About this task: Output only this range of the data below: the line that contains "a living room" through the final line, both ends included, each retyped exactly.

Dataset entries
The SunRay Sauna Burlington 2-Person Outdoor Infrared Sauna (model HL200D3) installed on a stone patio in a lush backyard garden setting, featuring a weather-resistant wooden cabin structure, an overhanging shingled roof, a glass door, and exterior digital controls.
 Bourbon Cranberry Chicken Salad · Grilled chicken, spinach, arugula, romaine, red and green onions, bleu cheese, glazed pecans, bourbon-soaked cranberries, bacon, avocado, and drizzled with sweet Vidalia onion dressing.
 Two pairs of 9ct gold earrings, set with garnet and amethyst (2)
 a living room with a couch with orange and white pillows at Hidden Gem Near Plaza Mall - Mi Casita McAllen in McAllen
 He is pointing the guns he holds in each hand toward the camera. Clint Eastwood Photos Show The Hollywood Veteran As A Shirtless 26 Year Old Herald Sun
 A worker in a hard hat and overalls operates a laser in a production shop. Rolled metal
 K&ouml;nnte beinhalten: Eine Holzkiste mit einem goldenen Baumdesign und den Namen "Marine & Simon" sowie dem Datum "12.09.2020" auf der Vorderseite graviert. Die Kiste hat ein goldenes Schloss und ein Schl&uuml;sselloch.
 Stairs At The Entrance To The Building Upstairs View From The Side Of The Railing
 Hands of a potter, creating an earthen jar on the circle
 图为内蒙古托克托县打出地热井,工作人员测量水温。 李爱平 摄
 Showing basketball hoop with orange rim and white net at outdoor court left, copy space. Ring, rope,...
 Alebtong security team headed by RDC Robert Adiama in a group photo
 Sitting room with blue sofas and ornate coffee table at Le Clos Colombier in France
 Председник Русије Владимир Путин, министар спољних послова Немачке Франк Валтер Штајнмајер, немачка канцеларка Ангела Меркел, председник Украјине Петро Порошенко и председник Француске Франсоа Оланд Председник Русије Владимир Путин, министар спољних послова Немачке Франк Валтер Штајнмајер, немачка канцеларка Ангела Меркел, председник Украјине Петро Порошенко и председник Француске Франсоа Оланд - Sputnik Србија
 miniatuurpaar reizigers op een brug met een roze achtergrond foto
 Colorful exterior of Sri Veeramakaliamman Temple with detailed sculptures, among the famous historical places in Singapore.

Response area:
 a living room with a couch with orange and white pillows at Hidden Gem Near Plaza Mall - Mi Casita McAllen in McAllen
 He is pointing the guns he holds in each hand toward the camera. Clint Eastwood Photos Show The Hollywood Veteran As A Shirtless 26 Year Old Herald Sun
 A worker in a hard hat and overalls operates a laser in a production shop. Rolled metal
 K&ouml;nnte beinhalten: Eine Holzkiste mit einem goldenen Baumdesign und den Namen "Marine & Simon" sowie dem Datum "12.09.2020" auf der Vorderseite graviert. Die Kiste hat ein goldenes Schloss und ein Schl&uuml;sselloch.
 Stairs At The Entrance To The Building Upstairs View From The Side Of The Railing
 Hands of a potter, creating an earthen jar on the circle
 图为内蒙古托克托县打出地热井,工作人员测量水温。 李爱平 摄
 Showing basketball hoop with orange rim and white net at outdoor court left, copy space. Ring, rope,...
 Alebtong security team headed by RDC Robert Adiama in a group photo
 Sitting room with blue sofas and ornate coffee table at Le Clos Colombier in France
 Председник Русије Владимир Путин, министар спољних послова Немачке Франк Валтер Штајнмајер, немачка канцеларка Ангела Меркел, председник Украјине Петро Порошенко и председник Француске Франсоа Оланд Председник Русије Владимир Путин, министар спољних послова Немачке Франк Валтер Штајнмајер, немачка канцеларка Ангела Меркел, председник Украјине Петро Порошенко и председник Француске Франсоа Оланд - Sputnik Србија
 miniatuurpaar reizigers op een brug met een roze achtergrond foto
 Colorful exterior of Sri Veeramakaliamman Temple with detailed sculptures, among the famous historical places in Singapore.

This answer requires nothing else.